Prostate cancer is one of the leading causes of male cancer deaths. It arises when individual cells escape their normal growth control mechanisms and proliferate in an uncontrolled fashion.
A key regulator of cellular proliferation is the ERK1/2 MAPK signalling pathway, which is significantly upregulated in advanced prostate cancer and has been shown to be involved in the transition to androgen-independent, advanced prostate cancer. MAPK signalling is regulated by scaffold proteins that assemble the signalling cascade into a macromolecular complex and provide spatial and temporal control over the signalling properties of MAPK pathways.
Our research has shown that the MAPK scaffold protein KSR1 is regulated by prostate metabolism, leading to the hypothesis that KSR1 is a suitable target for prostate cancer. This study is designed to address the molecular mechanisms that underlie the repression of ERK1/2 MAPK signalling in normal prostate cells and its deregulation in prostate cancer and to develop novel KSR1 inhibitors to treat prostate cancer.
Aims of the project:
- Determination of the mechanisms by which prostate metabolism regulates KSR1 and ERK1/2 MAPK signalling.
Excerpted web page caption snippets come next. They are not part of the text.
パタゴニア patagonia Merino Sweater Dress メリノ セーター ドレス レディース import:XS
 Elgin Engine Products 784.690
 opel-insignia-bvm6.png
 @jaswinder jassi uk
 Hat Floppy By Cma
- Development of novel KSR1 inhibitors.
- Characterization of the KSR1 inhibitors in prostate cancer cells.
This project uses a number of innovative technologies, including biochemistry, molecular biology, cell biology, modern imaging systems, medicinal chemistry, as well as biological model systems. The research will take place at the Institute of Cancer Therapeutics at the University of Bradford; a highly active research environment with an excellent track record in PhD training and completion. You will be further supported by an active, ongoing education program.